ChemCalc's pump module sizes centrifugal pumps from first principles: hydraulic power from flow and differential pressure, shaft power corrected for efficiency, and NPSHa check to prevent cavitation. All per Perry's Chemical Engineers' Handbook Chapter 10.
Inputs
| Parameter | Notes |
|---|---|
| Flow rate Q (m³/h) | Volumetric flow at pump inlet conditions |
| Suction pressure P1 (kPa, abs) | Pressure at pump suction flange |
| Discharge pressure P2 (kPa, abs) | Pressure at pump discharge flange |
| Pump efficiency η | Overall hydraulic efficiency, typically 0.6–0.85 |
| Fluid density ρ (kg/m³) | At pumping temperature |
Outputs
| Output | Formula |
|---|---|
| Hydraulic power P_h (kW) | P_h = Q · ΔP (SI units: m³/s × Pa) |
| Shaft power P_s (kW) | P_s = P_h / η |
| Differential head H (m) | H = ΔP / (ρ · g) |
| Specific speed N_s | N_s = N·√Q / H¾ (dimensionless) |
NPSHa Calculator
A separate NPSHa module prevents cavitation by checking available suction head:
NPSHa = (P_s − P_v) / (ρ·g) + h_s − h_f
| Symbol | Meaning |
|---|---|
| P_s | Absolute surface pressure in suction vessel (kPa) |
| P_v | Liquid vapor pressure at pumping temperature (kPa) |
| h_s | Static suction head — liquid level above pump centerline (m) |
| h_f | Friction losses in suction piping (m) |
Rule of thumb: NPSHa ≥ NPSHr + 0.5 m safety margin.
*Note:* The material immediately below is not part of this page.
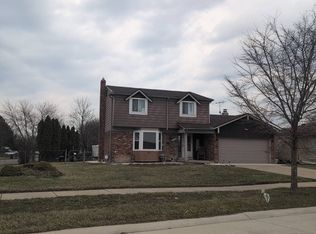 39388 Forbes Dr, Sterling Heights, MI 48310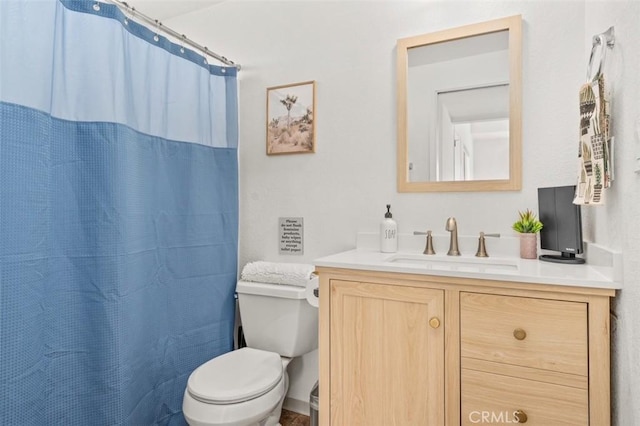 bathroom featuring a shower with shower curtain, toilet, and vanity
ChemCalc flags NPSHa < 2 m with a cavitation warning.
Affinity Laws
For variable-speed or impeller-trim sizing:
- Flow: Q₂ / Q₁ = N₂ / N₁
- Head: H₂ / H₁ = (N₂ / N₁)²
- Power: P₂ / P₁ = (N₂ / N₁)³
Typical Efficiency Ranges
| Pump Type | Typical η |
|---|---|
| Large centrifugal (>100 kW) | 0.75–0.87 |
| Medium centrifugal (10–100 kW) | 0.65–0.80 |
| Small centrifugal (<10 kW) | 0.50–0.70 |
| Gear pump | 0.70–0.90 |
| Diaphragm pump | 0.40–0.60 |